##### SOURCE DATA #####
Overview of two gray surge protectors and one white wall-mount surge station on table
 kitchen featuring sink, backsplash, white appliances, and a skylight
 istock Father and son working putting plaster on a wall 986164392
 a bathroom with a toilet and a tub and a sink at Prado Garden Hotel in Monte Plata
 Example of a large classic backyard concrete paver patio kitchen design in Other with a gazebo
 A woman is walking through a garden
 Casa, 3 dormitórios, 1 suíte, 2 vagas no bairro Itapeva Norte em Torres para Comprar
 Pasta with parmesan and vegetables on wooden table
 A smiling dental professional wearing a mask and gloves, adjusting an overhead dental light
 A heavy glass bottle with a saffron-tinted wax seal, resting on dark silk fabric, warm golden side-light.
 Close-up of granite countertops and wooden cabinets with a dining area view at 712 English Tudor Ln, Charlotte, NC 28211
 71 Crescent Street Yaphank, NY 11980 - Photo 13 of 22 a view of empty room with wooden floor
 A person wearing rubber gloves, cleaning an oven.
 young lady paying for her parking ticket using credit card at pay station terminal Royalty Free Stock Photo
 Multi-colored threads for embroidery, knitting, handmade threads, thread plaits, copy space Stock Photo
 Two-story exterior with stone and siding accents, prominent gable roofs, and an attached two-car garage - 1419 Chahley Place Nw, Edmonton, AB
#####
> EXERCISE GOAL
Restate word for word the lines in the material above from the one with "Pasta with parmesan" to the one with "A heavy glass"; both of those lines count, and nothing else does.

> ANSWER
 Pasta with parmesan and vegetables on wooden table
 A smiling dental professional wearing a mask and gloves, adjusting an overhead dental light
 A heavy glass bottle with a saffron-tinted wax seal, resting on dark silk fabric, warm golden side-light.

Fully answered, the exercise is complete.